■ **WHAT THIS TASK INVOLVES**
Take the material below and reproduce, word for word, only the lines from the line with "Senior Man Använder" through the line with "Crowds arriving early".

■ **ENTRIES PROVIDED**
————————

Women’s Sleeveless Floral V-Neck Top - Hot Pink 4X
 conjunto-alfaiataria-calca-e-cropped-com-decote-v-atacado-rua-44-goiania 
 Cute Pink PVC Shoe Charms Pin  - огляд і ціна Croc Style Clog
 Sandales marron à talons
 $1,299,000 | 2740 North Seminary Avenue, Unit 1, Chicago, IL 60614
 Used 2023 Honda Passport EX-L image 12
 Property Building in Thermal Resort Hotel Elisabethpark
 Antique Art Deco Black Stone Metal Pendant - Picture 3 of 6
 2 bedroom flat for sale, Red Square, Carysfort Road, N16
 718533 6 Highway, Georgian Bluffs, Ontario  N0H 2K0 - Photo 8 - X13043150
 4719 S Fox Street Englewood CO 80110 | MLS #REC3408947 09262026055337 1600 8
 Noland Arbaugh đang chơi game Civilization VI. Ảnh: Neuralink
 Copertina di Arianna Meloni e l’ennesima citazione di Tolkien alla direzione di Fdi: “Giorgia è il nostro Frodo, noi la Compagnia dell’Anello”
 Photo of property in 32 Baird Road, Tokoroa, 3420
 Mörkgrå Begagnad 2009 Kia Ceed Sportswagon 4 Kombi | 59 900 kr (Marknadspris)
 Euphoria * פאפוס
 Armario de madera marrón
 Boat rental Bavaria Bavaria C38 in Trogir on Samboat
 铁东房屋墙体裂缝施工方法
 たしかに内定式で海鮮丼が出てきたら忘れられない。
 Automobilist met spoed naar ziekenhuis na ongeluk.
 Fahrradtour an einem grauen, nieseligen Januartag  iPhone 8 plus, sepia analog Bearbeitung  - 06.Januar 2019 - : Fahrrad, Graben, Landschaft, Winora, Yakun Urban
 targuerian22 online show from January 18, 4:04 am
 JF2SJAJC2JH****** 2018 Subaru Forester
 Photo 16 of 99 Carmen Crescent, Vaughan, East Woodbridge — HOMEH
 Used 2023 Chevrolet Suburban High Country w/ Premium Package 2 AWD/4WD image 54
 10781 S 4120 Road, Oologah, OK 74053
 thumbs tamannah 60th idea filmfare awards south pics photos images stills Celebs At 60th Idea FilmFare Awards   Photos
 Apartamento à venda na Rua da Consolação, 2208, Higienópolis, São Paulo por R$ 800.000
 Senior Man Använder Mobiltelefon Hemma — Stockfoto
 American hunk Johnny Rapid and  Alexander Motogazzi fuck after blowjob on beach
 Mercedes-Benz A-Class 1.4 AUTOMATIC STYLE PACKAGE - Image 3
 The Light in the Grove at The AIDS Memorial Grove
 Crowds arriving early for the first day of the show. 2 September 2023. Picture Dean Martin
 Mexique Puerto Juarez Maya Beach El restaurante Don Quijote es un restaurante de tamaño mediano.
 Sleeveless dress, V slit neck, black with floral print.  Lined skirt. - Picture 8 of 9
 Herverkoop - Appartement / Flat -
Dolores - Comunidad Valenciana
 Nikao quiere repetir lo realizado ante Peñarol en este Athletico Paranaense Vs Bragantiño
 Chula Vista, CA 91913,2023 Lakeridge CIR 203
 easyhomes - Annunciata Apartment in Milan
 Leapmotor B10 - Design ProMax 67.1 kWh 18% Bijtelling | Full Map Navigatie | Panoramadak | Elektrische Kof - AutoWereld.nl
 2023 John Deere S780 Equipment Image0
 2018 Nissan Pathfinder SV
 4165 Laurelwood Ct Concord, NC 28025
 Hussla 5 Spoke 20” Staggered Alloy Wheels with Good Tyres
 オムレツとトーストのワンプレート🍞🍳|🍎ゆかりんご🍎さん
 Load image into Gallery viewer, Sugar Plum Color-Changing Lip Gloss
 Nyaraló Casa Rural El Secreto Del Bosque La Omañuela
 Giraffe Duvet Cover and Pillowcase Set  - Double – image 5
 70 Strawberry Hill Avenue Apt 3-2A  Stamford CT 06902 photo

————————

■ **TASK RESPONSE**
 Senior Man Använder Mobiltelefon Hemma — Stockfoto
 American hunk Johnny Rapid and  Alexander Motogazzi fuck after blowjob on beach
 Mercedes-Benz A-Class 1.4 AUTOMATIC STYLE PACKAGE - Image 3
 The Light in the Grove at The AIDS Memorial Grove
 Crowds arriving early for the first day of the show. 2 September 2023. Picture Dean Martin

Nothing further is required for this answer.